▸ Directions for this task: Nothing but the lines below from the one containing "Imagem de Conjunto" through the one containing "100개 고장코드 이다.|bekomcar.com" should appear in the answer, exact and without pictures.

▸ Data provided:
----------------

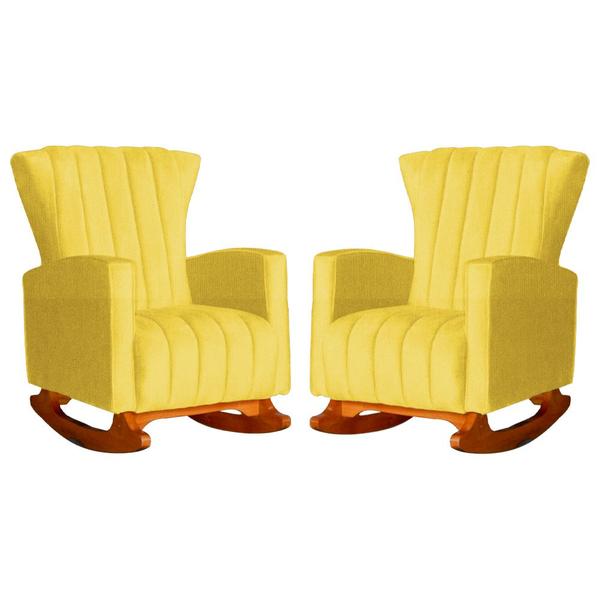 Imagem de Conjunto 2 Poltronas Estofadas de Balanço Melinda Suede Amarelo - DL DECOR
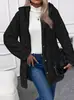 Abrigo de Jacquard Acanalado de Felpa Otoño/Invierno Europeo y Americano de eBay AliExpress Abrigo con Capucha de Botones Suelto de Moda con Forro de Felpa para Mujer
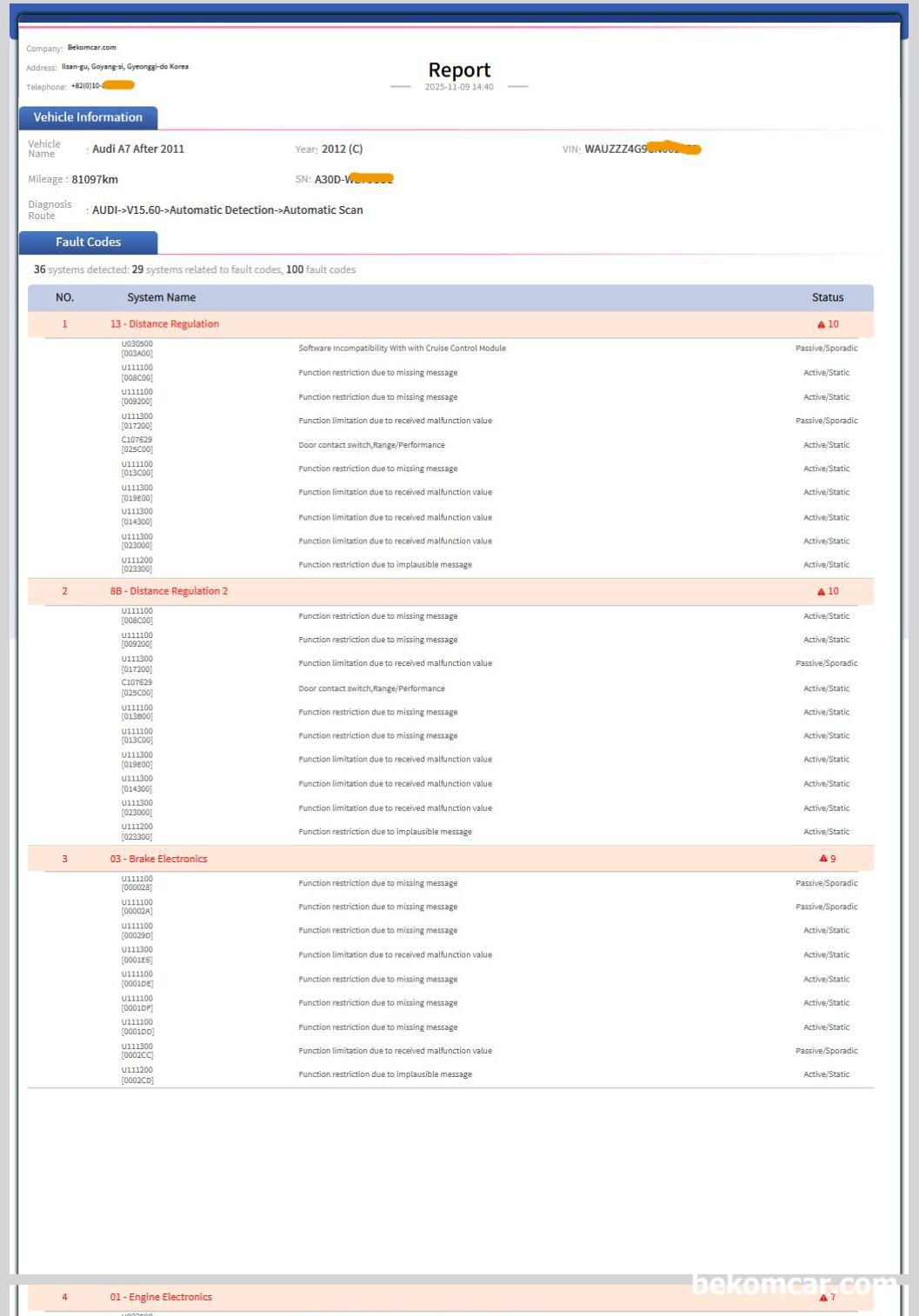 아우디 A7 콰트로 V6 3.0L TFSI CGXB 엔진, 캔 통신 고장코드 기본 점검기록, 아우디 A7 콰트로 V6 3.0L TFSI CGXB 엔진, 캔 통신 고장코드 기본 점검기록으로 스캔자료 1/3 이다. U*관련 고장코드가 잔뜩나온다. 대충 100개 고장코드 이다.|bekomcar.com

----------------

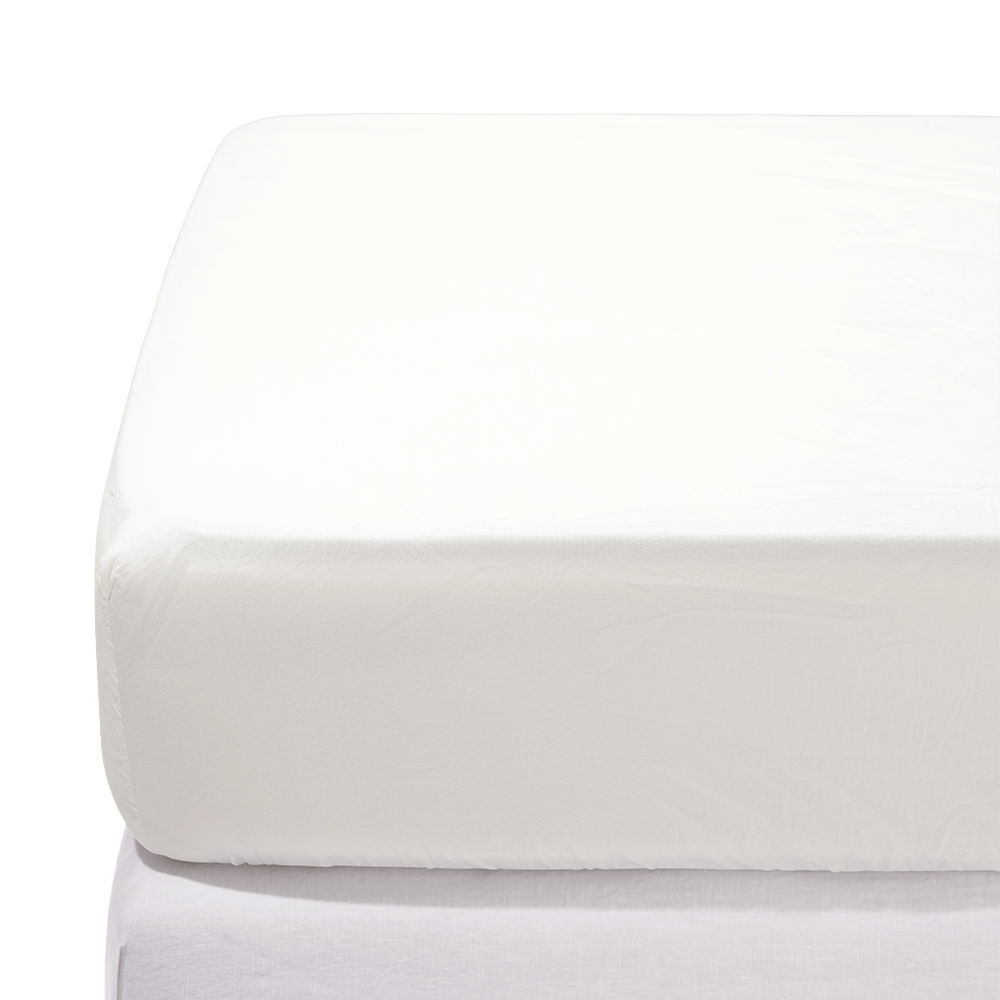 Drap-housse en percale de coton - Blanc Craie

----------------

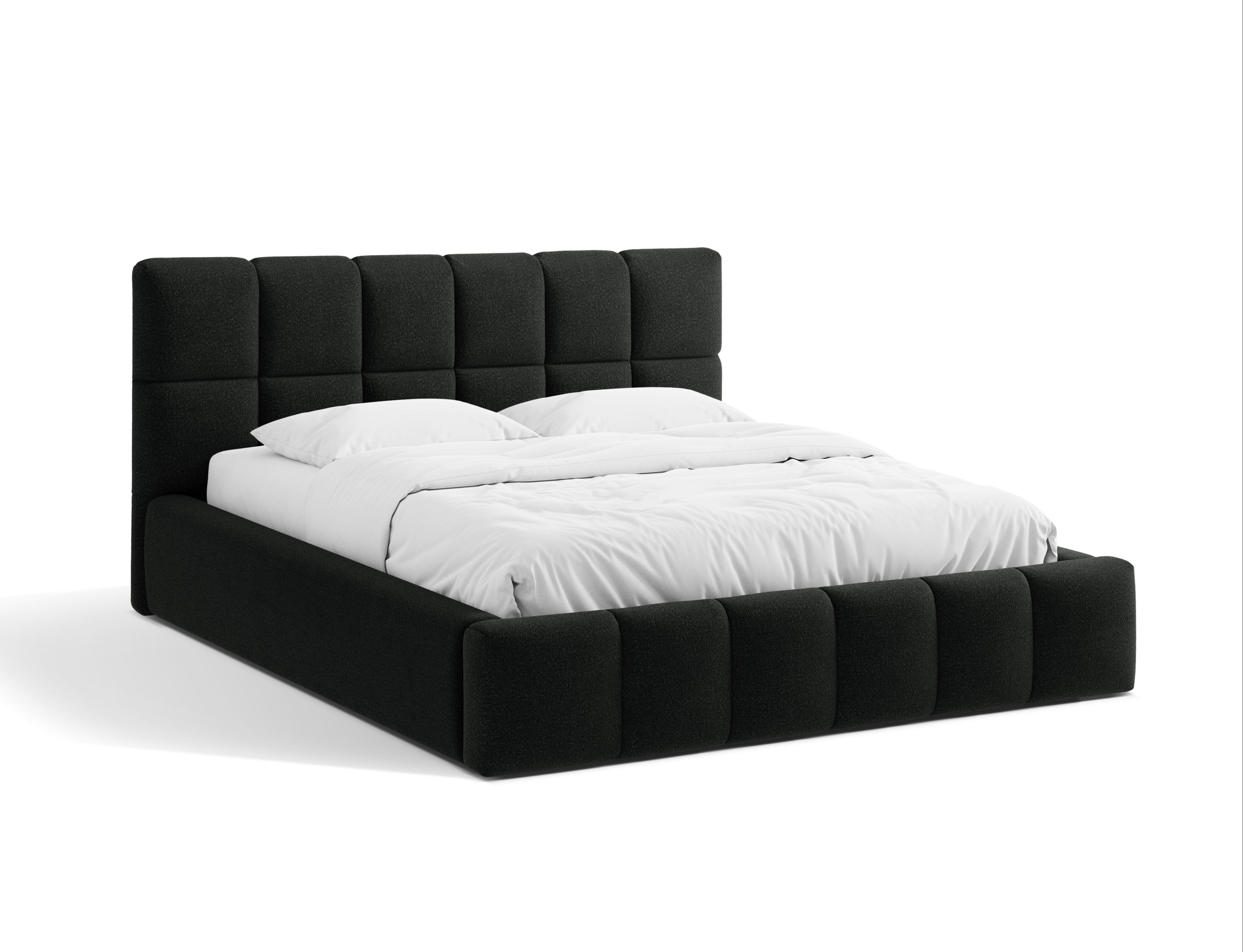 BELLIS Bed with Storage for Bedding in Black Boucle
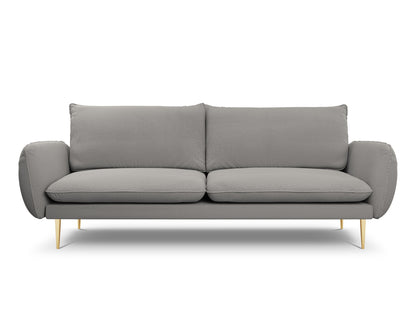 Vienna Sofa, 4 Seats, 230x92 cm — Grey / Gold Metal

----------------

▸ Written solution:
 Imagem de Conjunto 2 Poltronas Estofadas de Balanço Melinda Suede Amarelo - DL DECOR
 Abrigo de Jacquard Acanalado de Felpa Otoño/Invierno Europeo y Americano de eBay AliExpress Abrigo con Capucha de Botones Suelto de Moda con Forro de Felpa para Mujer
 아우디 A7 콰트로 V6 3.0L TFSI CGXB 엔진, 캔 통신 고장코드 기본 점검기록, 아우디 A7 콰트로 V6 3.0L TFSI CGXB 엔진, 캔 통신 고장코드 기본 점검기록으로 스캔자료 1/3 이다. U*관련 고장코드가 잔뜩나온다. 대충 100개 고장코드 이다.|bekomcar.com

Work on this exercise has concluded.